_Exercise instructions_. In the entries that follow, find the line containing "Bengal tiger looking" and the line containing "Plants growing on rocks against clear sky", then copy exactly everything from the first through the second except the pictures.

_Provided records_.
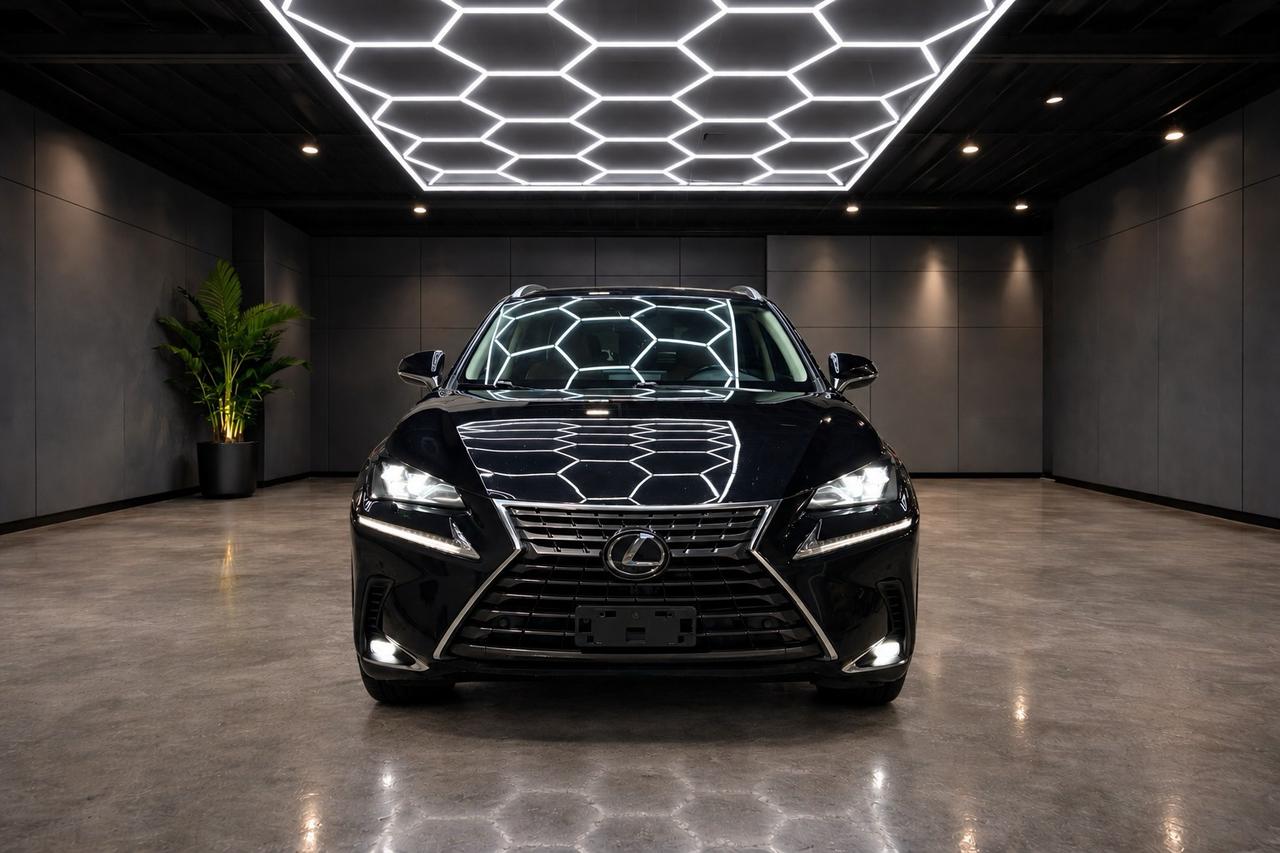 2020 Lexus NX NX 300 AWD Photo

--

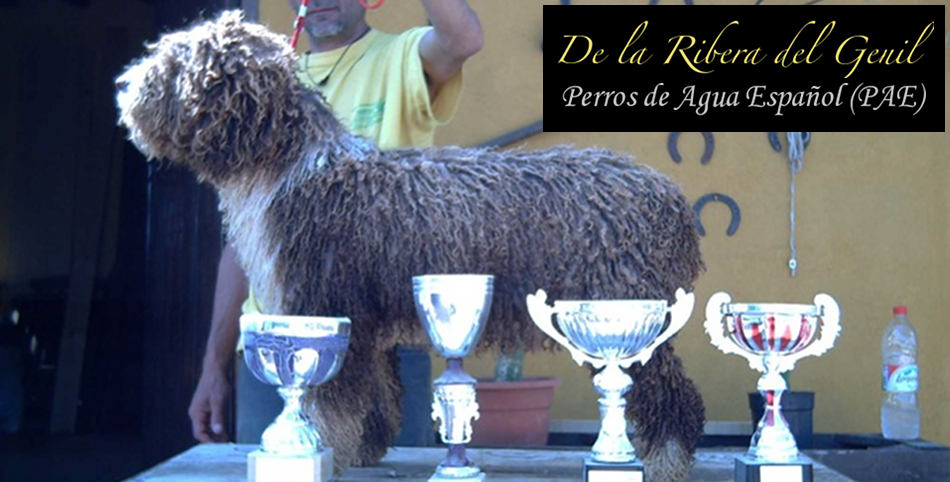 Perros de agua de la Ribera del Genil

---

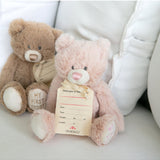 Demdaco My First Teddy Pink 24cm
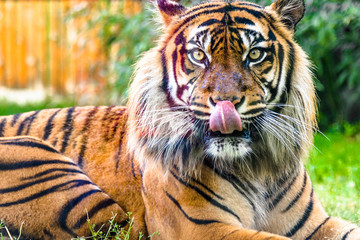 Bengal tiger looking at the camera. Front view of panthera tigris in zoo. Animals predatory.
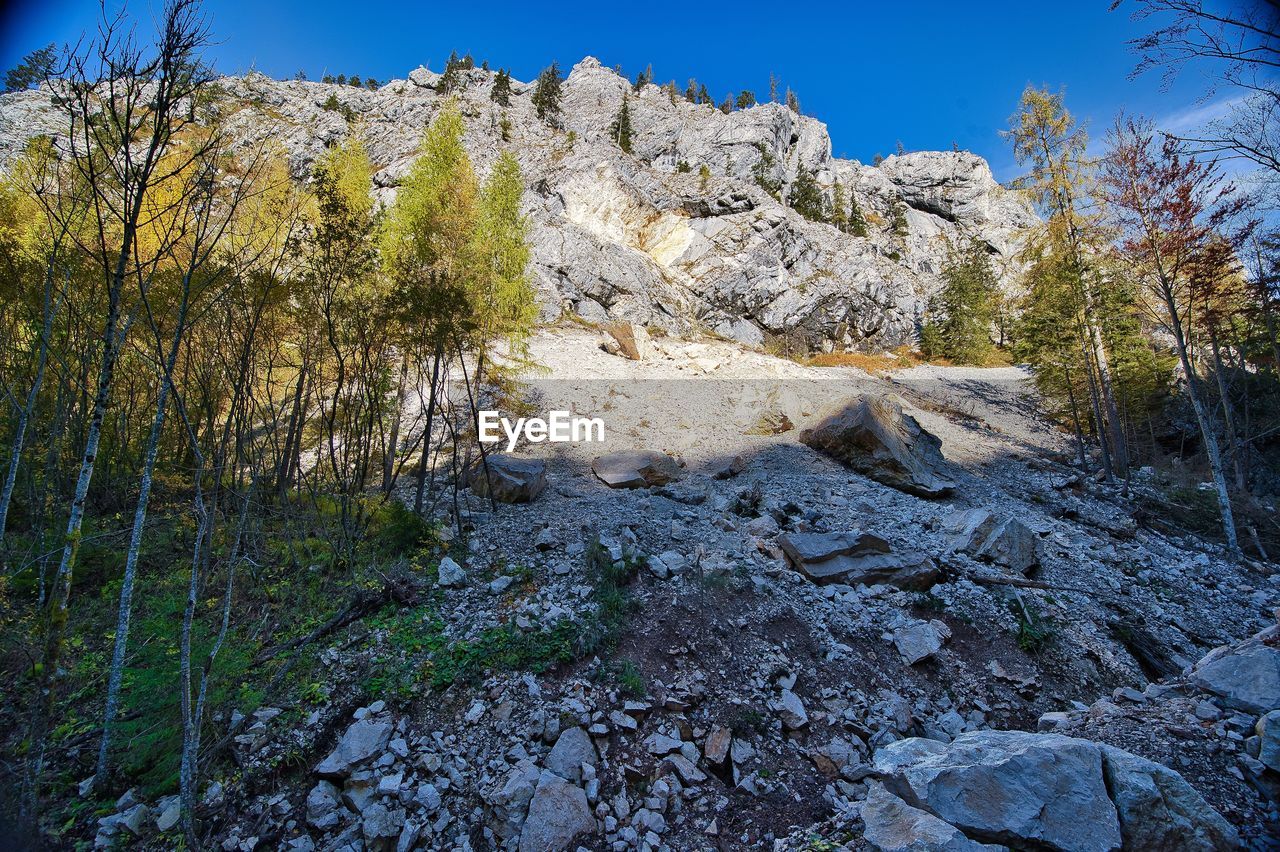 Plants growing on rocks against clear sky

_Solved exercise_.
 Bengal tiger looking at the camera. Front view of panthera tigris in zoo. Animals predatory.
 Plants growing on rocks against clear sky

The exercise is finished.